### Exercise description
Could you return all of the entries below exactly, minus the pictures?

### Input data
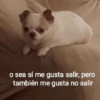 o sea sí me gusta salir, pero también me gusta no salir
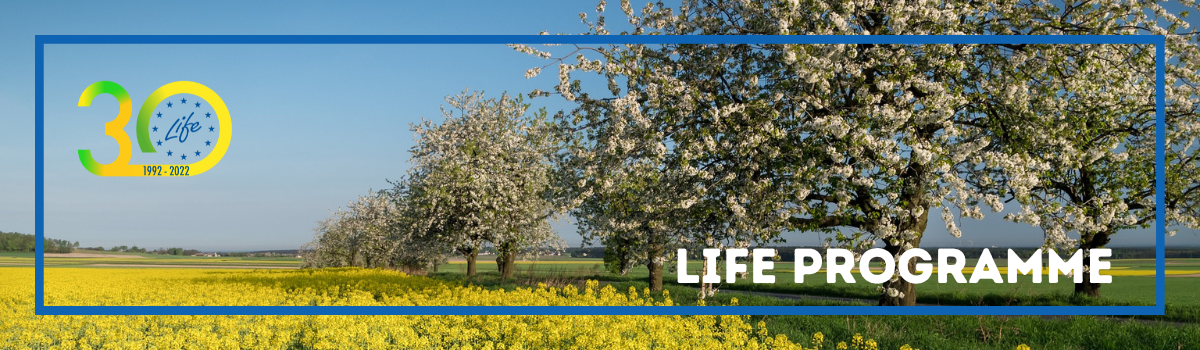 Landscape photo with blooming rapeseed, fruit trees and sunny sky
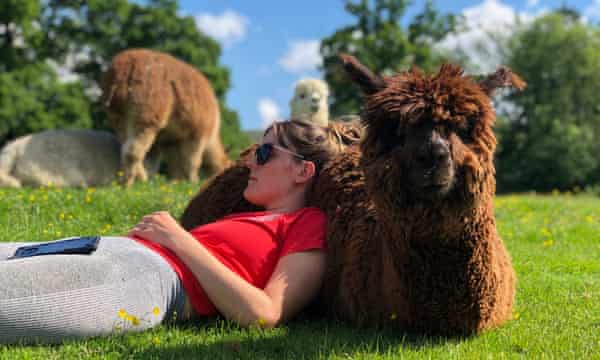 woman and alpaca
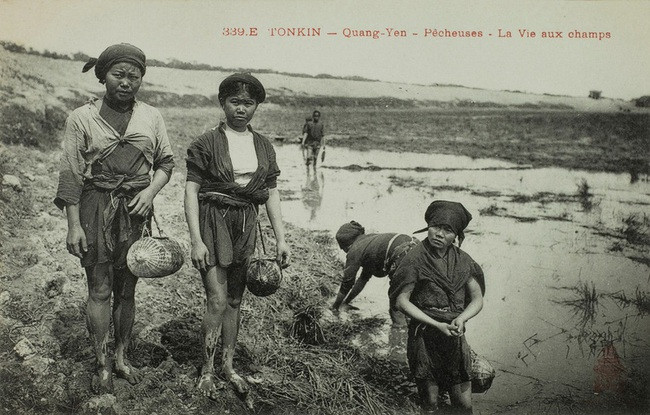 Những người làm nghề mò cua, bắt ốc để kiếm thêm thu thập, giúp trang trải cuộc sống của gia đình.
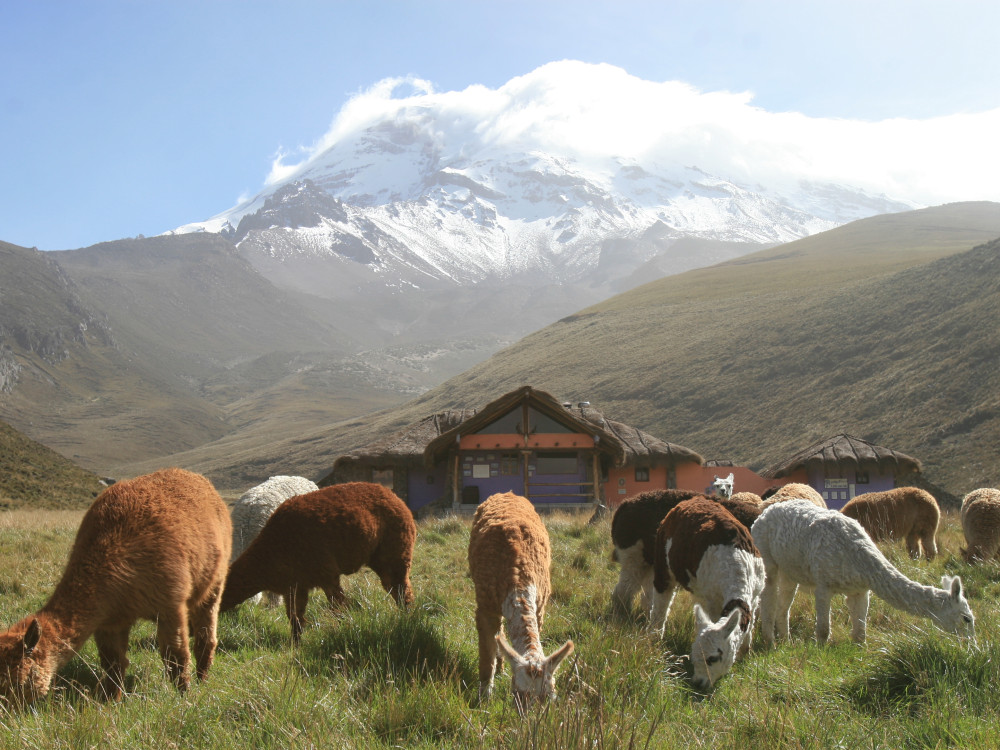 Alpacas in Chimborazo, Ecuador - Undiscovered.nl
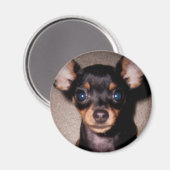 Aimant mini broche. (Recto/Verso)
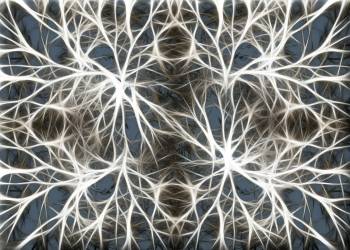 neurons 582054 1920 2021 04 06 143304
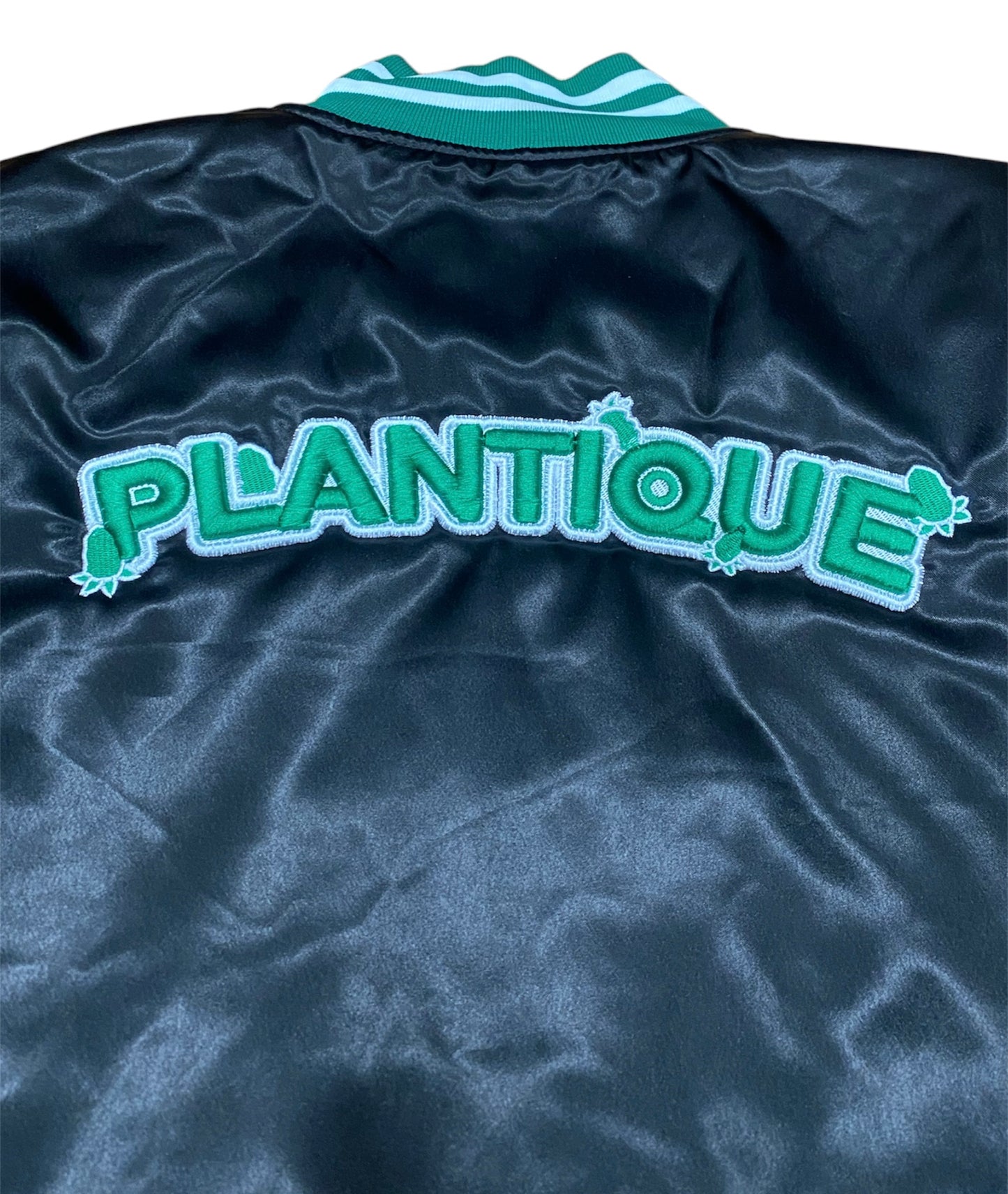 Plantique Varsity Bomber back view puff embroidery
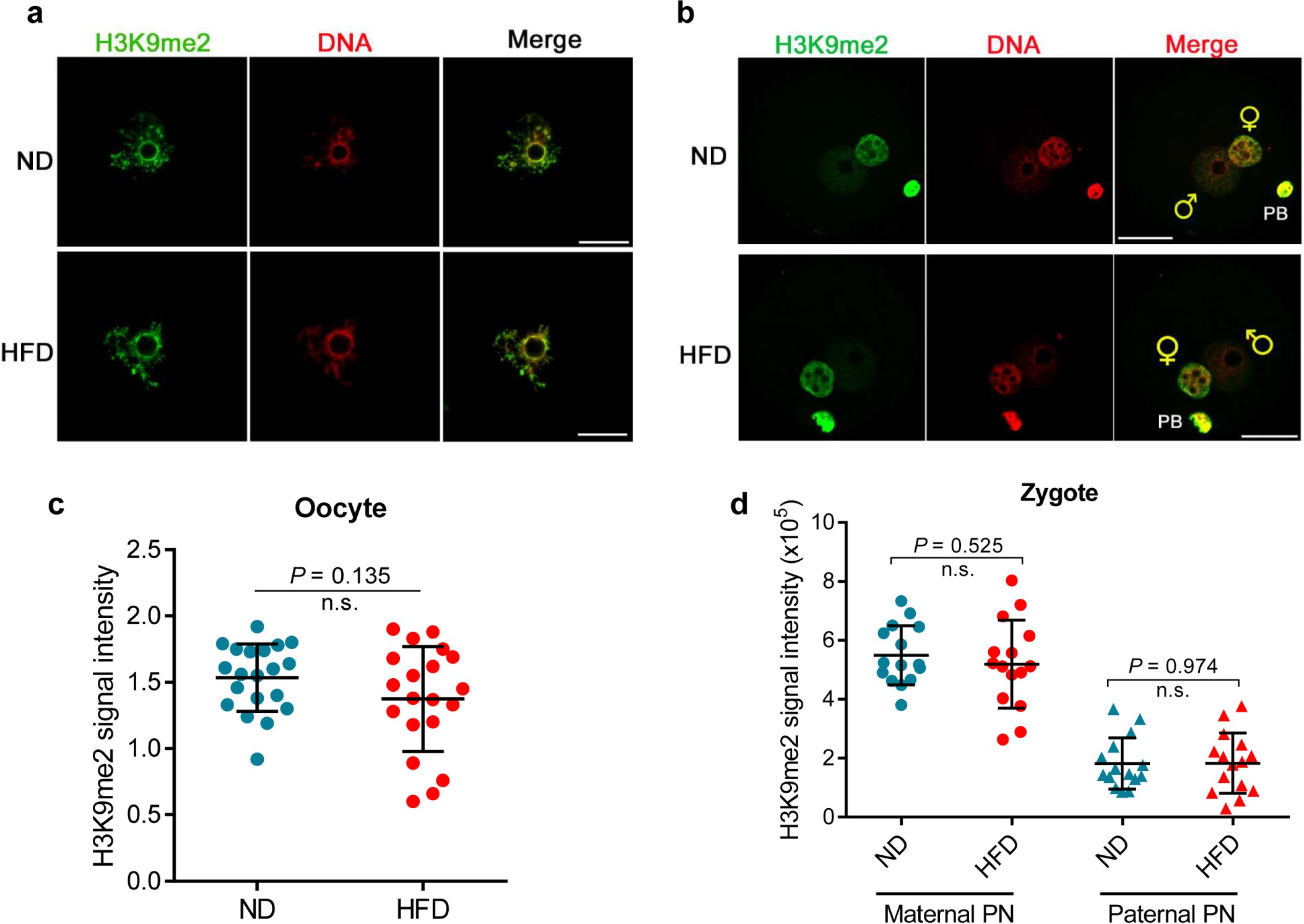 Supplementary Figure 7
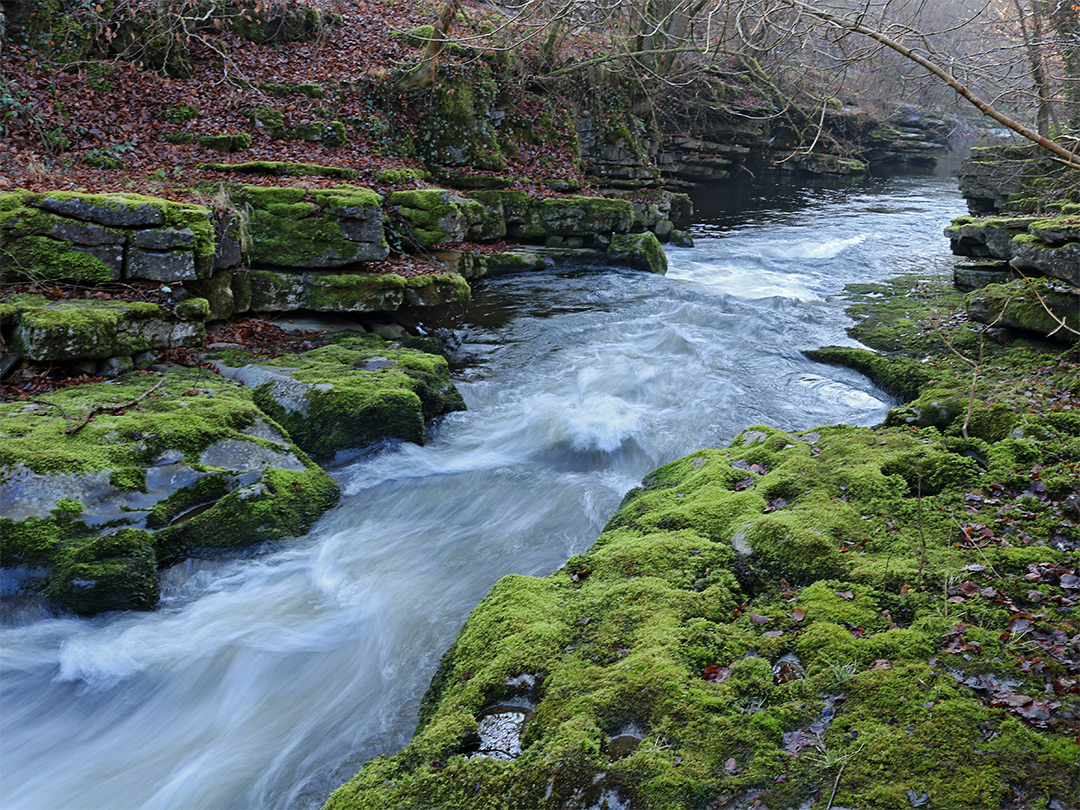 Moss-covered rocks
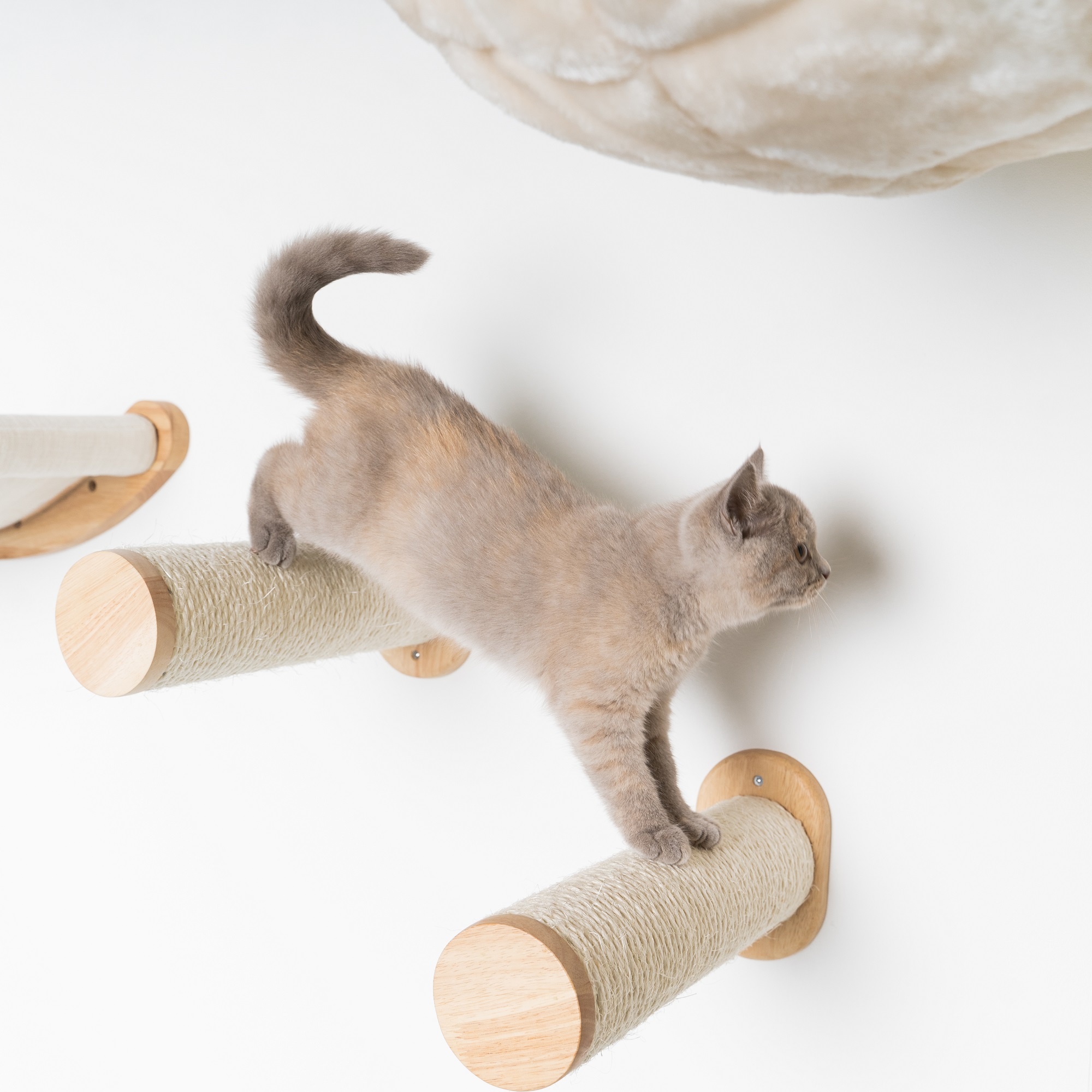 Muro Escalada Para Gatos - Set de Escaleras (Beige) – RHR Pets ES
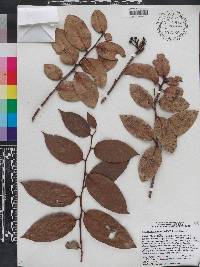 Vaccinium racemosum image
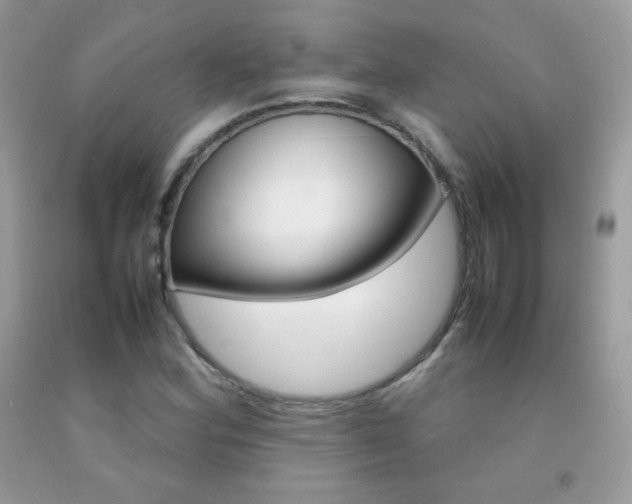 X0000092251164200709140959
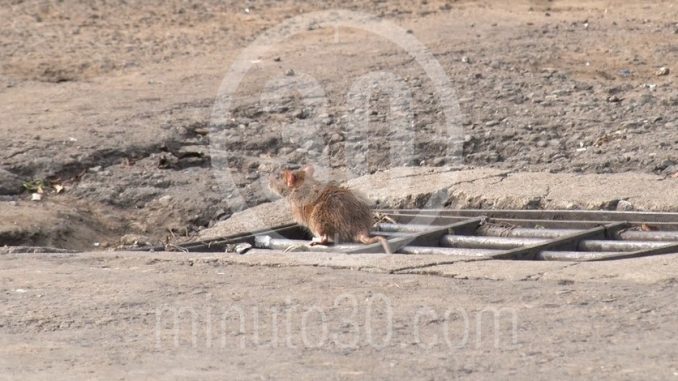 Rata raton alcantarilla plaga ciudad calle roedor ratas ratones2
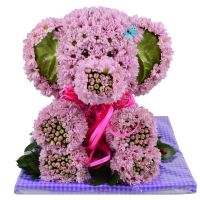 Bouquet Pink elephant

### Answer area
 o sea sí me gusta salir, pero también me gusta no salir
 Landscape photo with blooming rapeseed, fruit trees and sunny sky
 woman and alpaca
 Những người làm nghề mò cua, bắt ốc để kiếm thêm thu thập, giúp trang trải cuộc sống của gia đình.
 Alpacas in Chimborazo, Ecuador - Undiscovered.nl
 Aimant mini broche. (Recto/Verso)
 neurons 582054 1920 2021 04 06 143304
 Plantique Varsity Bomber back view puff embroidery
 Supplementary Figure 7
 Moss-covered rocks
 Muro Escalada Para Gatos - Set de Escaleras (Beige) – RHR Pets ES
 Vaccinium racemosum image
 X0000092251164200709140959
 Rata raton alcantarilla plaga ciudad calle roedor ratas ratones2
 Bouquet Pink elephant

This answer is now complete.